• [Required action]: What you return must be the lines from the first one below through the one containing "The East India", exactly and with pictures excluded.

• [Data]:
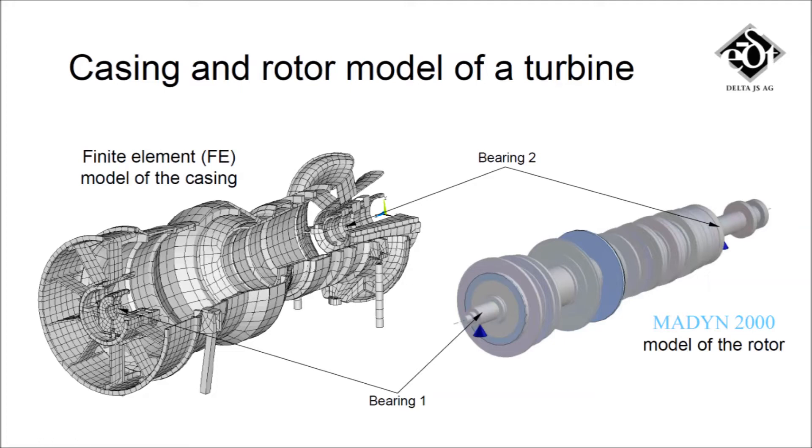In our example, the support flexibility of a turbine is determined by the casing. The interfaces between casing and rotor are at the two fluid film bearings.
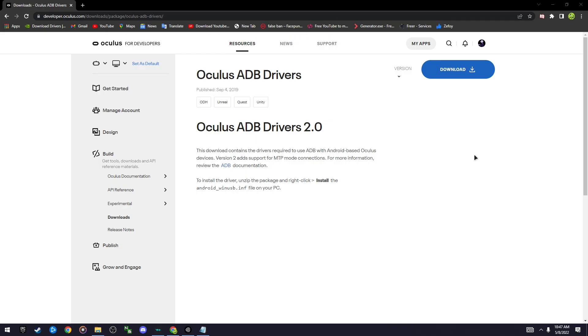So before you use SideQuest, you have to download the Oculus ADB drivers and this is how you do it.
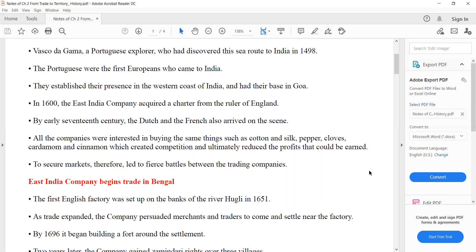The East India Company began trade in Bengal. The first English factory was set up on the bank of the river Hooghly in 1651. The Britishers established their first English factory in 1651.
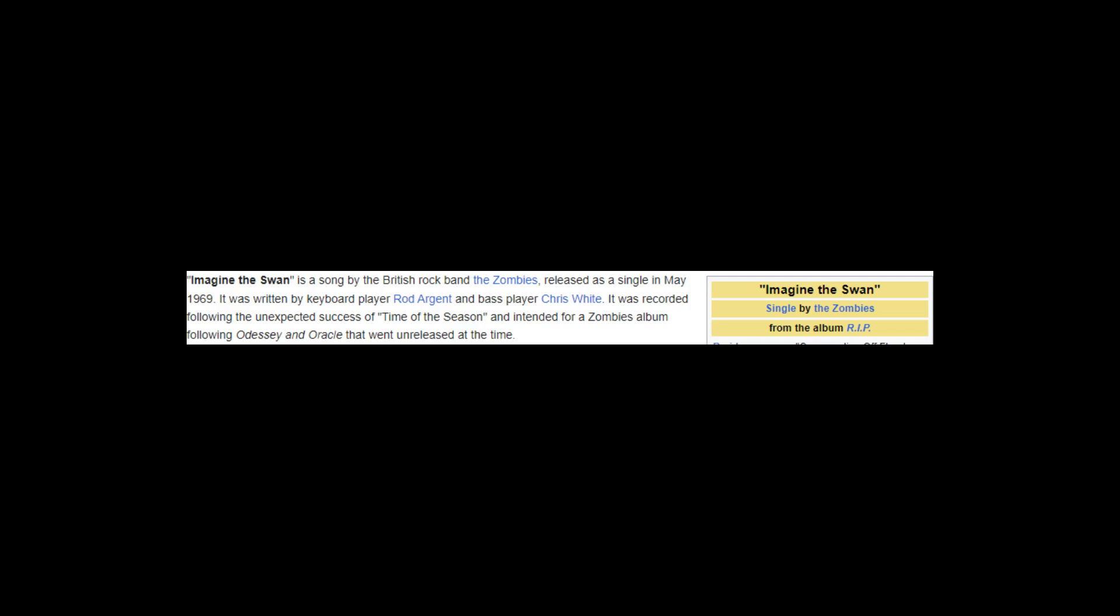Imagine the Swan is a song by the British rock band The Zombies, released as a single in May 1969. It was written by keyboard player Rod Argent and bass player Chris White. It was recorded following the unexpected success of Time of the Season and intended for a Zombies album following Odessey and Oracle that went unreleased at the time.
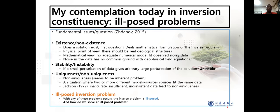We have another issue with inversion — stability. If we add a small perturbation to data and that gives us a large perturbation of the solution, we talk about an unstable solution. It shouldn't be, but if you experience that, then we have an unstable solution.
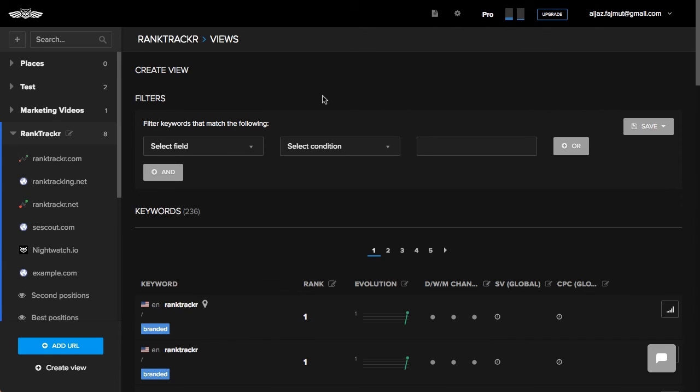This functionality should make it easy for you with adjusting the way you want to look at your keywords and ranking data.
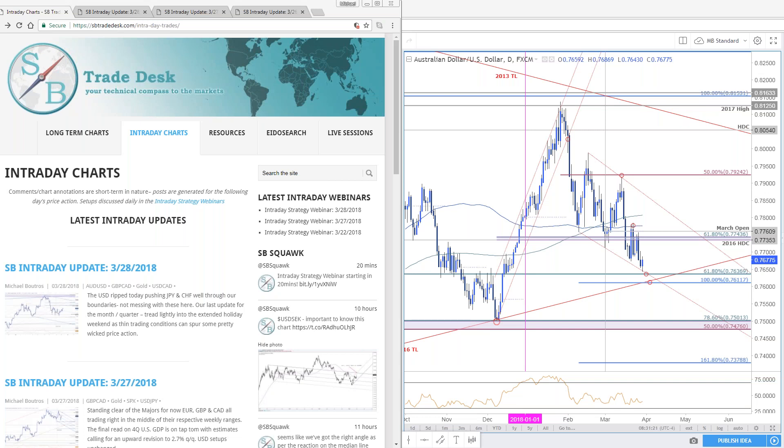Good morning, traders. Welcome to this live intraday strategy webinar. Today is Thursday, March 29th.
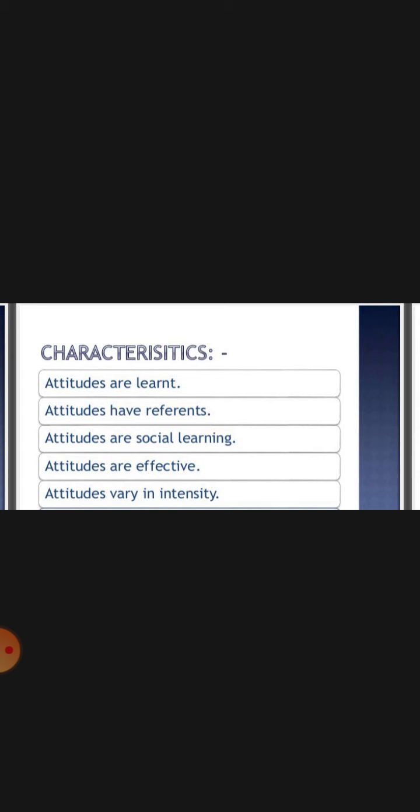Our behavior changes automatically based on the attitude we hold towards someone. Attitudes have varying intensity — the intensity or tivrata of attitudes differs among individuals. Different persons may have different attitudes towards the same object, same situation, or same person. There can be differences in the strength of their feelings towards the same object or person.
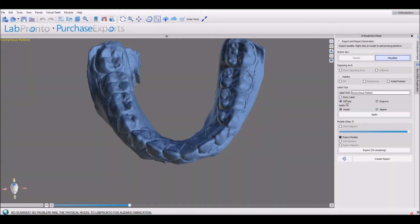We have improved the emboss and engrave functionality for the model and for aligners. When buttons are placed onto models, the last model is automatically exported twice, once with buttons and once without buttons.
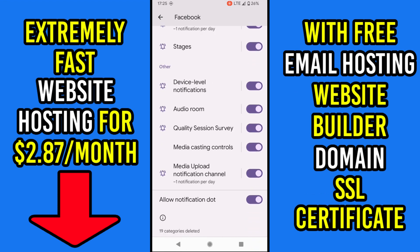At the very bottom there is a special option, Allow Notification Dot, which is a dot at the top of the app icon that shows you have a notification. It's not showing on most devices even if it's turned on, but it's still a good option to know about.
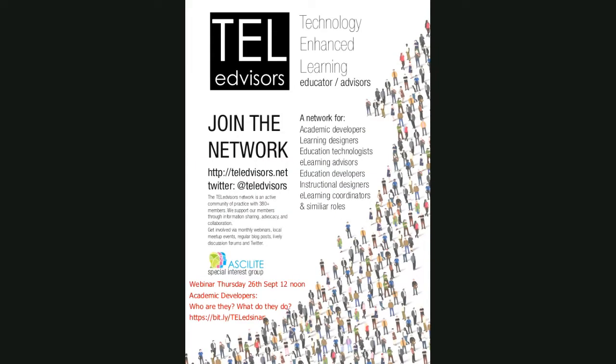Hello and welcome to this month's TELedvisors webinar. If you haven't joined us before it's great to have you here, and if you have joined us before it's great to have you back. I'm Colin Simpson, one of the leaders of the Ask a Light TELedvisors Network. The TELedvisors Network is a community of practitioners for people working in roles such as learning designer, education technologist, and of course academic developer.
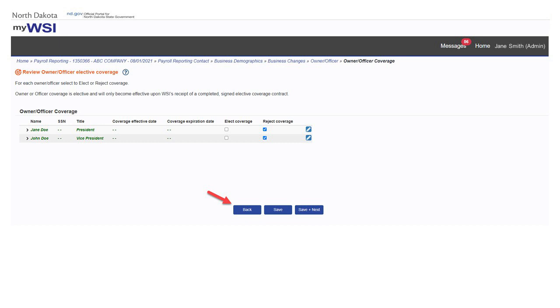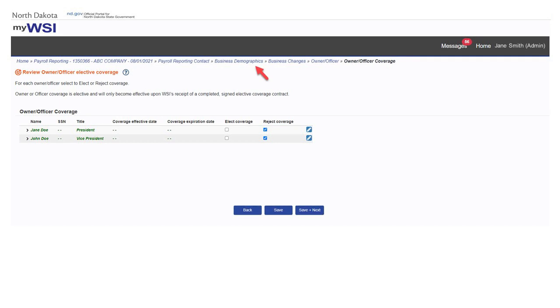Selecting back will take you to the prior page. The breadcrumb trail at the top can also be used for navigation to prior pages.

• [Result below]:
In our example, the support flexibility of a turbine is determined by the casing. The interfaces between casing and rotor are at the two fluid film bearings.
So before you use SideQuest, you have to download the Oculus ADB drivers and this is how you do it.
The East India Company began trade in Bengal. The first English factory was set up on the bank of the river Hooghly in 1651. The Britishers established their first English factory in 1651.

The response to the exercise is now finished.